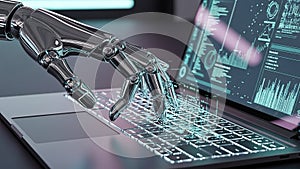 Robotic Hand Typing on a Glowing Keyboard of a Modern Laptop with Data Visualizations on Screen Keywords: robot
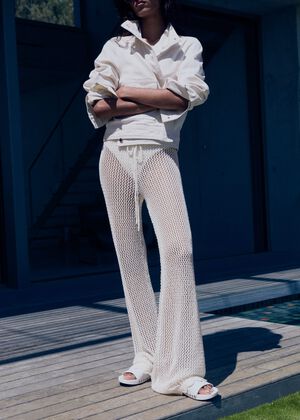Crochet flared trousers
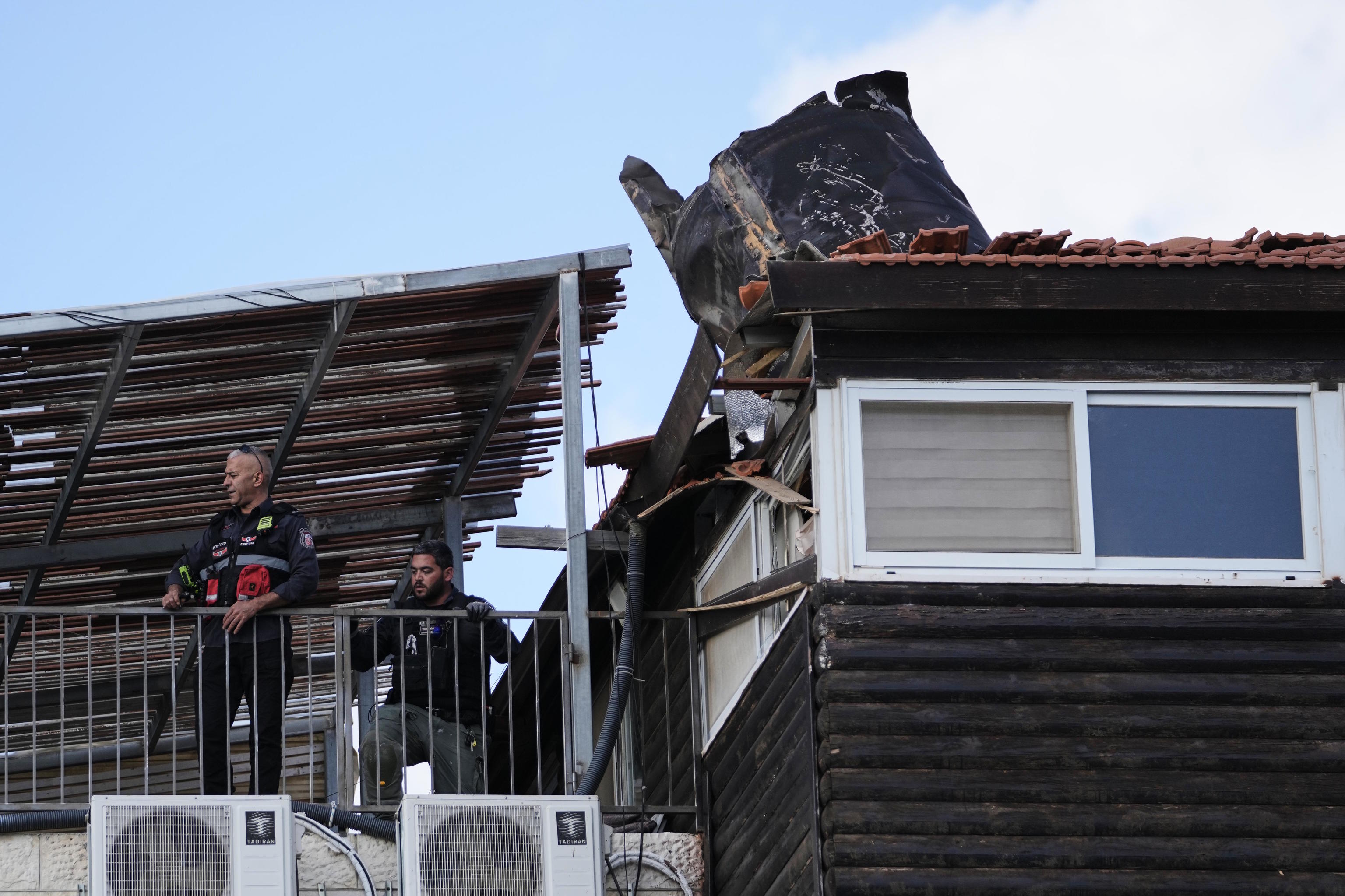 House in east Jerusalem where a fragment of an Iranian missile crashed.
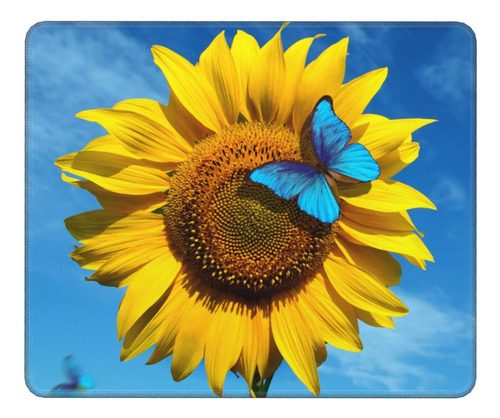 Mouse Pad De Girasol Con Patron De Mariposa Az...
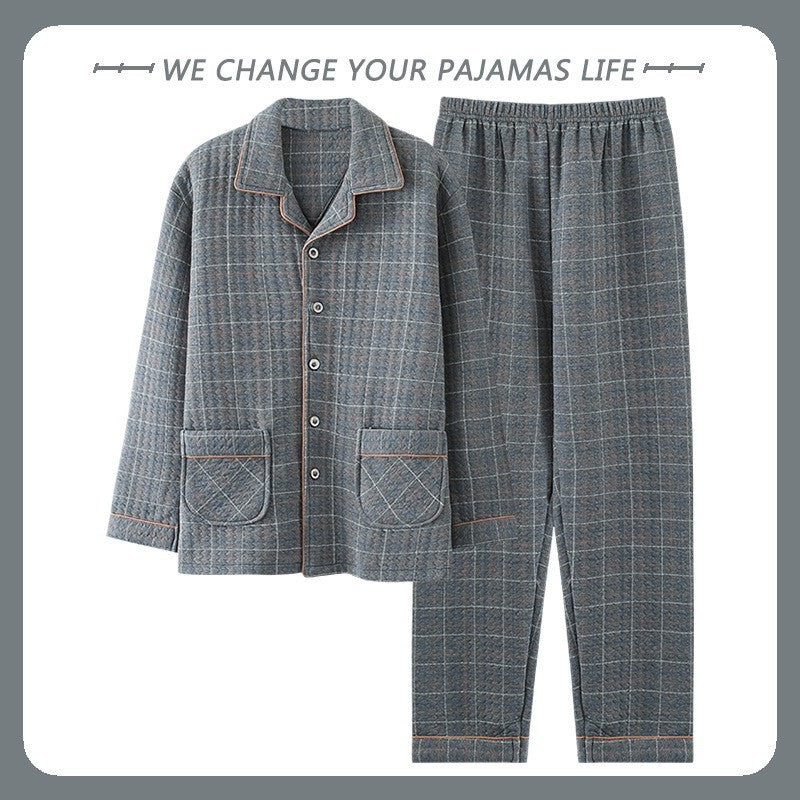 Gefütterter Herren-Pyjama, 100% Baumwolle, extra warm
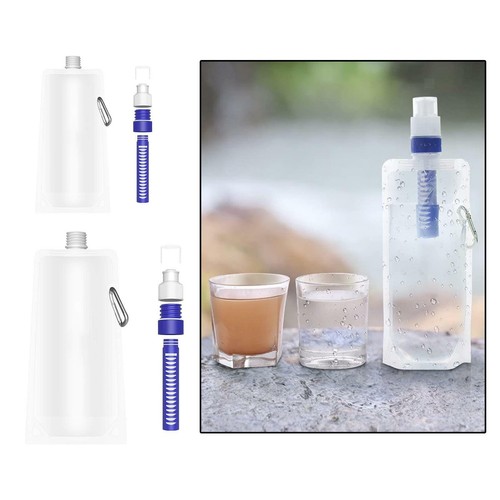 Foldable Water Filter Canteens Filtered Water Bag for Travel Camping Hiking eBay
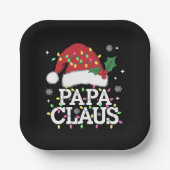 Papa Claus kerstlampjes Pajama familie komt overee Papieren Bordje (Voorkant)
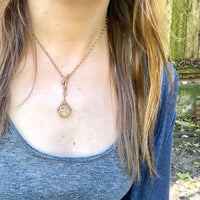 Green and Rose Gold Flower Basket Locket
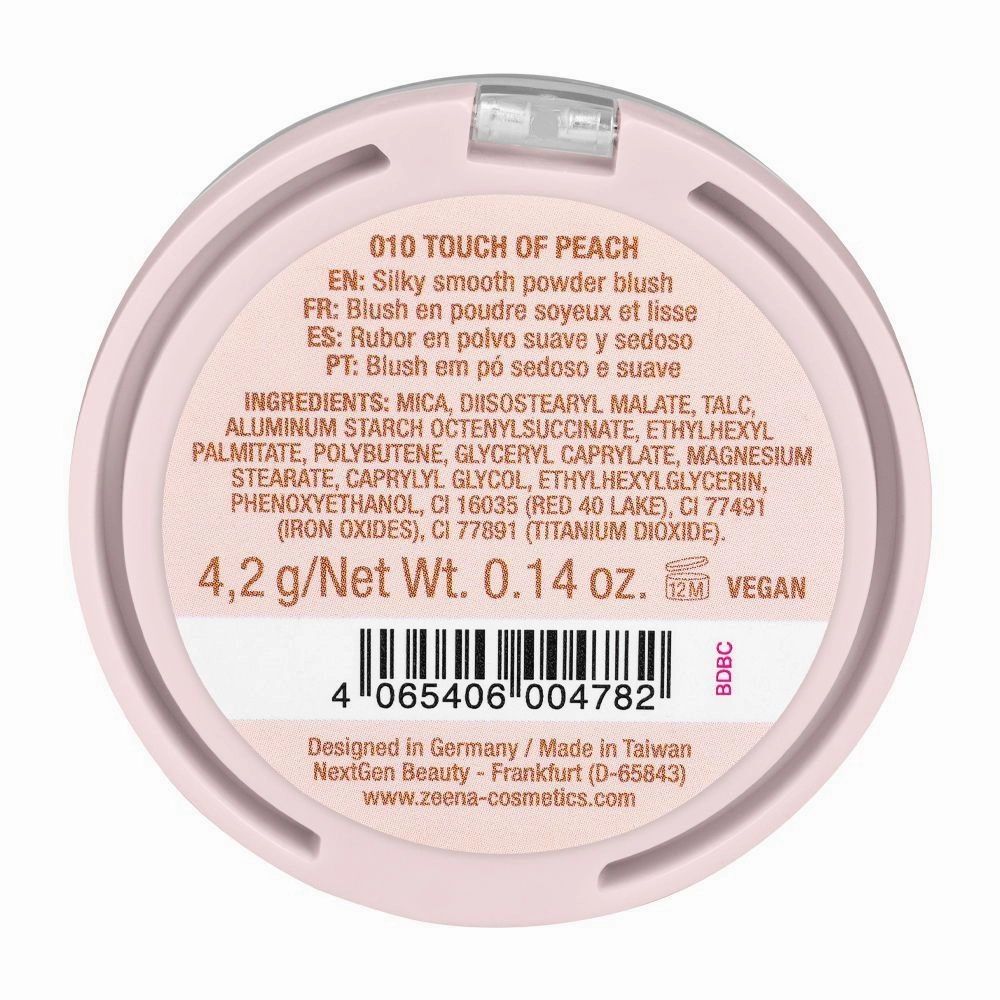 Zeena Powder Blush, 010 Touch Of Peach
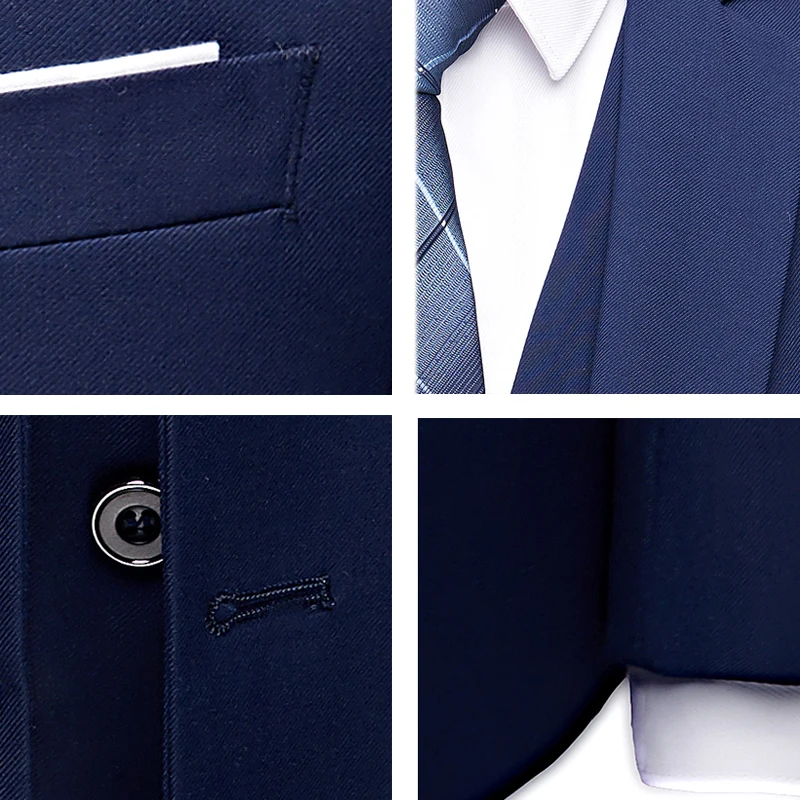Men Blazers Set 3 Pieces Wedding 2 Suit Elegant Full Pants Design Latest Vest Business 2023 Slim Fit Coat Trousers_voghion.com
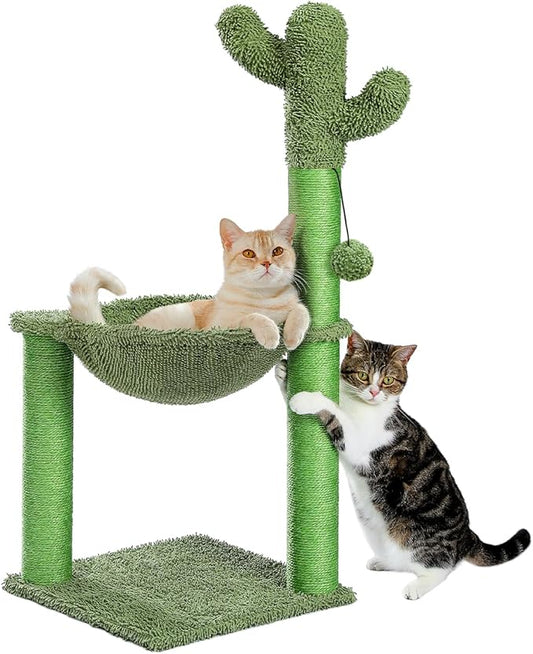 PAWZ Road Cactus Cat Tree, 33 Inchs Cat Tower with Large Soft Hammock and Fully Wrapped Sisal Scratching Post for Indoor Cats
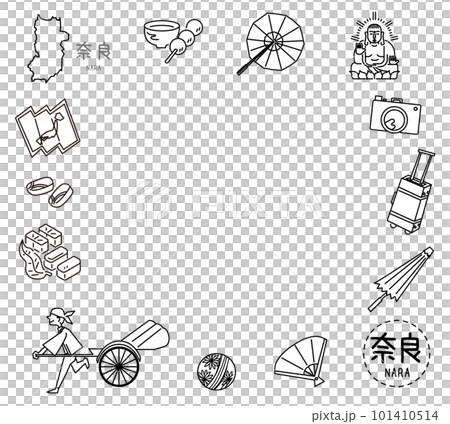 一組在日本奈良觀光的圖標(黑白線描) 一組在日本奈良觀光的圖標(黑白線描) 101410514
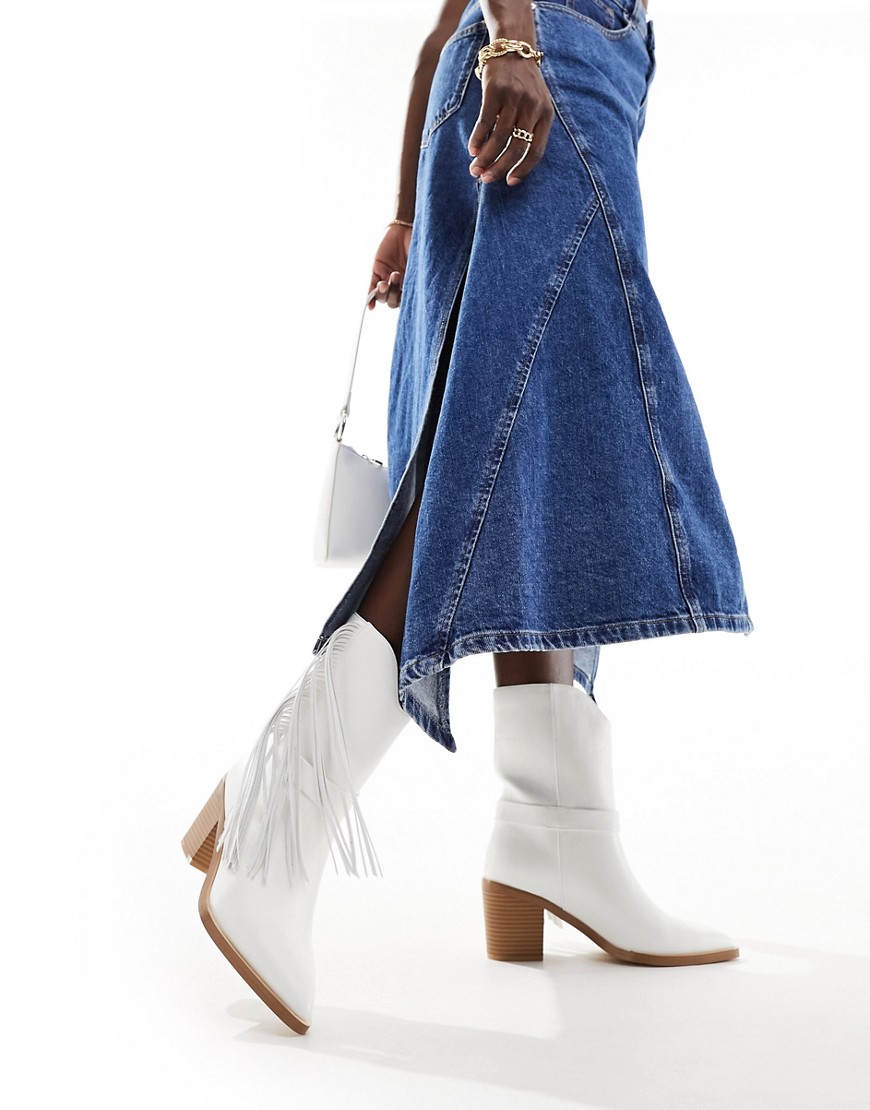 French Connection mid leg fringe western boots in white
··········
• [YOUR INSTRUCTIONS]: Please print the line that contains "Men Blazers Set" along with every later line of the material, exactly, through the last one. Leave pictures out of the copy.

• [REPLY]:
Men Blazers Set 3 Pieces Wedding 2 Suit Elegant Full Pants Design Latest Vest Business 2023 Slim Fit Coat Trousers_voghion.com
 PAWZ Road Cactus Cat Tree, 33 Inchs Cat Tower with Large Soft Hammock and Fully Wrapped Sisal Scratching Post for Indoor Cats
 一組在日本奈良觀光的圖標(黑白線描) 一組在日本奈良觀光的圖標(黑白線描) 101410514
 French Connection mid leg fringe western boots in white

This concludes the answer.